If you buy a home at an inflated price stemming from high demand and low supply, your home could be needlessly expensive. You might have a hard time selling the home if the value falls in the future. You could be in a situation where you owe more than it’s currently worth.

While that’s a very real fear, there’s no way to know for sure if we’re in an actual bubble, and if so, no one knows when it will burst. Rising prices aren’t a reason in and of themselves not to buy a home, but you need to make sure you’re in a financially comfortable position with a reliable income and a healthy emergency fund.
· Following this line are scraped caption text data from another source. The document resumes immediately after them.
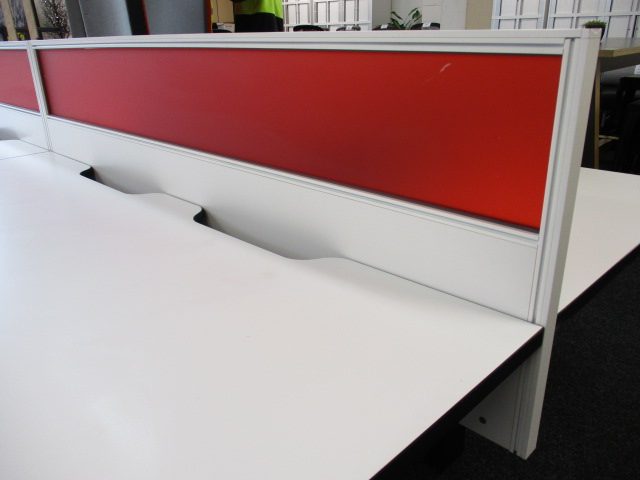 PR4839 - Red Desk Mounted Partition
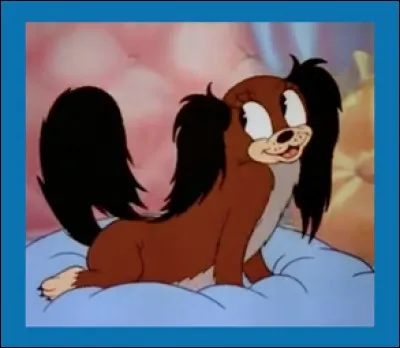 Qui est la concurrente de Fifi le pékinois aux yeux de Pluto dans les courts-métrages où ils figurent ?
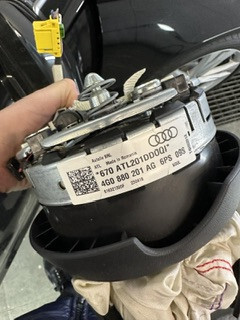 Подушка безопасности водителя 4G0880201AG 6PS   Audi A6
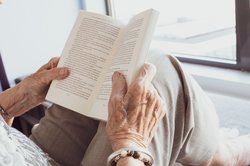 Hände einer älteren Person halten ein Buch. Foto: sabinevanerp/Pixabay.com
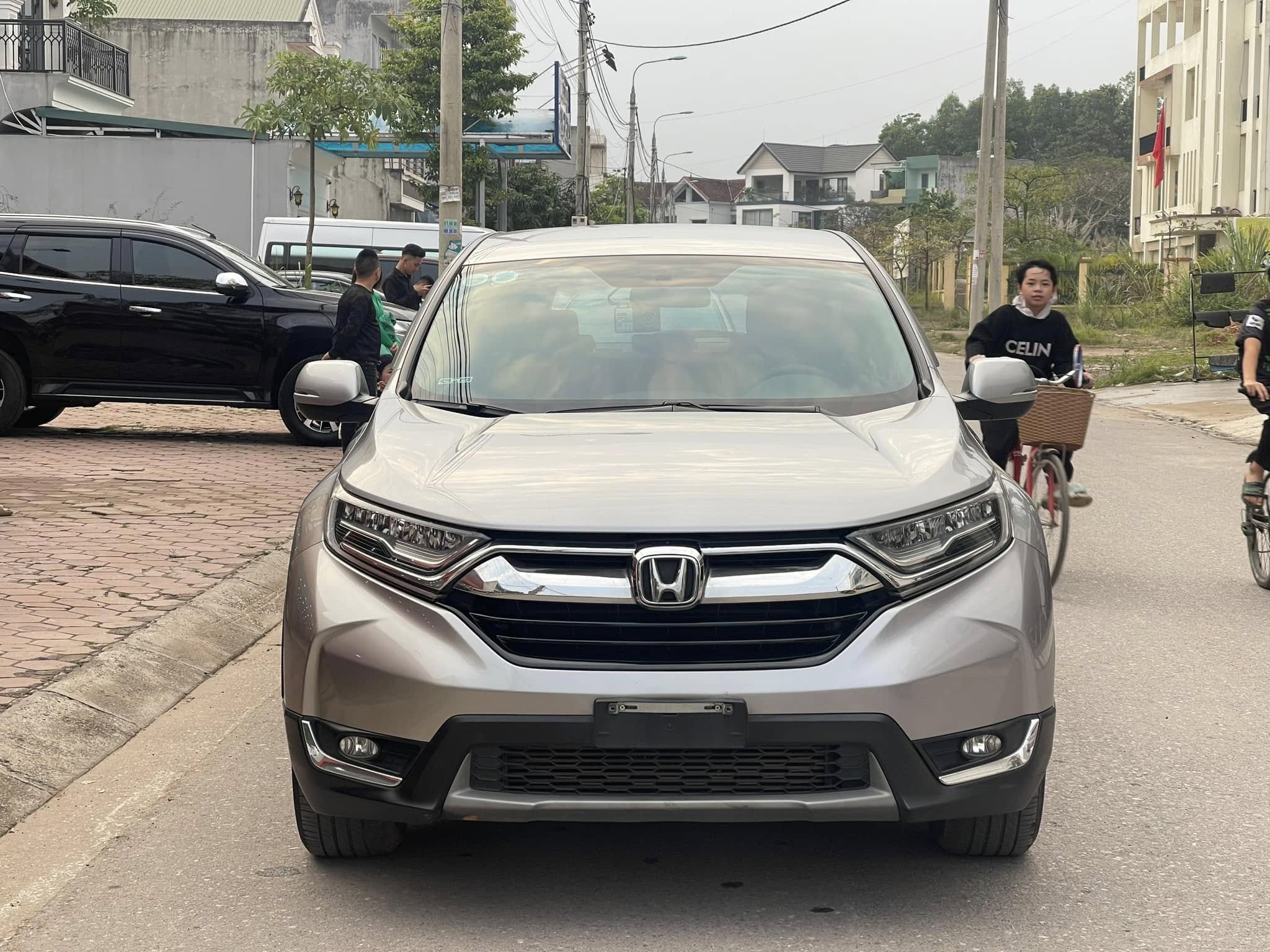 Bán ô tô Honda CRV G sản xuất 2019, màu bạc, nhập khẩu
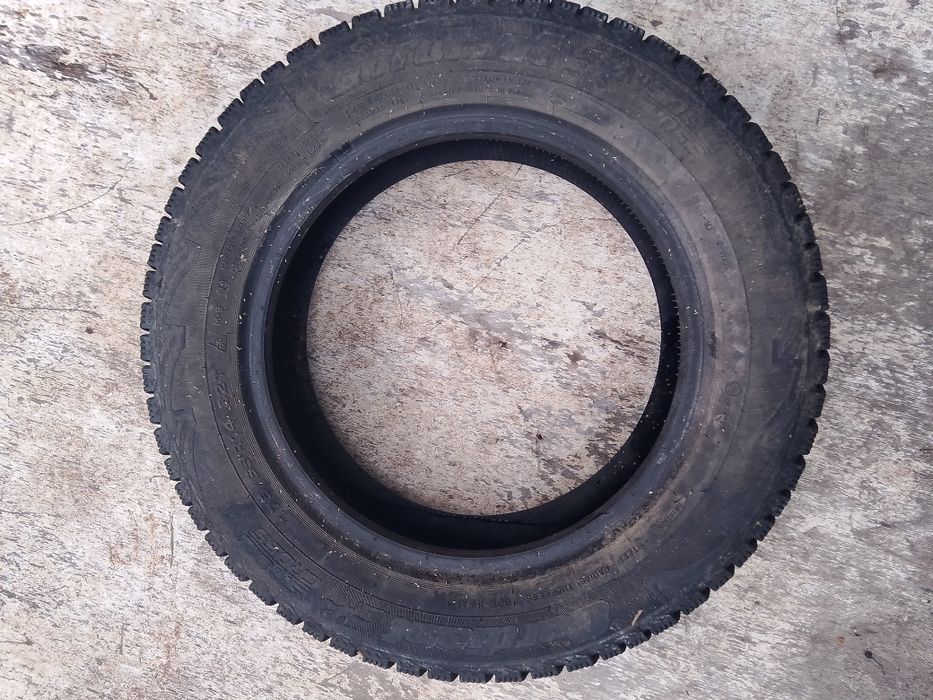 Продам два баллона зимней резины на 14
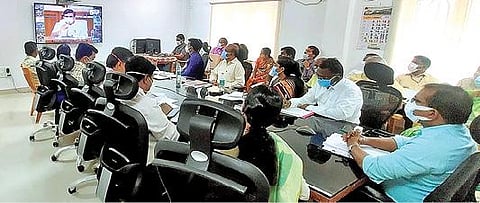 வேலூர், திருப்பத்தூர் மாவட்டங்களில் கரோனா 3-வது அலை தொடர்பான முன்னெச்சரிக்கை நடவடிக்கை குறித்து ஆட்சியர்கள் குமாரவேல் பாண்டியன், அமர் குஷ்வாஹா மற்றும் அதிகாரிகளுடன் காணொலி காட்சி மூலம் ஆலோசனை நடத்திய தலைமை செயலாளர் இறையன்பு .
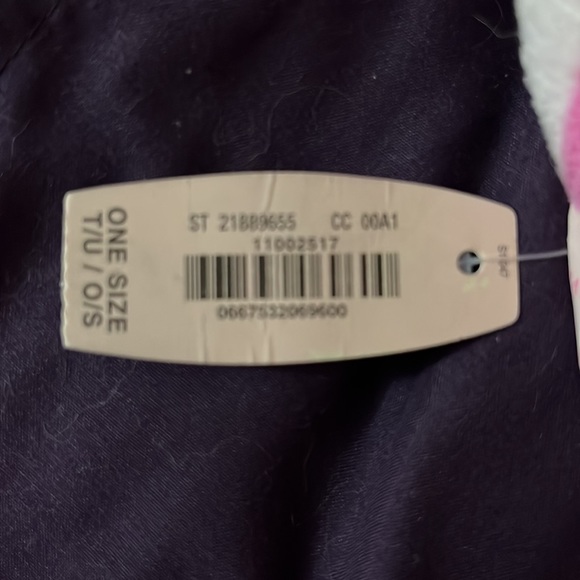 Victoria’s Secret Huge Beach Towels. 4, NWT’s. Each in orig. packaging. - Picture 4 of 4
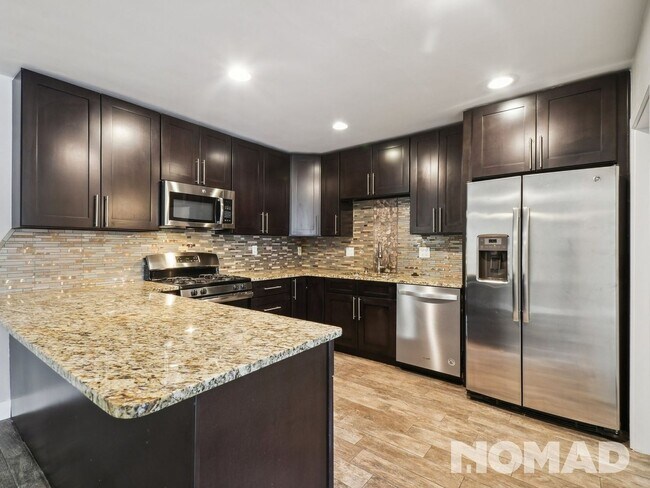 Photo - 4Bed/3Bath Updated modern home near Fitzsi...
Think About Your Future Plans

If you’re buying a long-term home, and it’s one you plan to live in for the foreseeable future, your perspective is going to be different than if you’re buying a home to live in for a shorter time. If you think you might only live in a home for a few years, buying at the top of the market can be a big financial risk.

If you’re buying your forever home, you’re looking primarily for a place to live rather than an investment. You do have to weigh out your goals and plans, and they’re going to vary for every buyer, and what’s right for you at any given time isn’t going to be right for every other buyer.

What is Your Financial Situation?

Finally, before buying a house at the top of the market or otherwise, you have to think about your financial situation. We touched on this a bit above.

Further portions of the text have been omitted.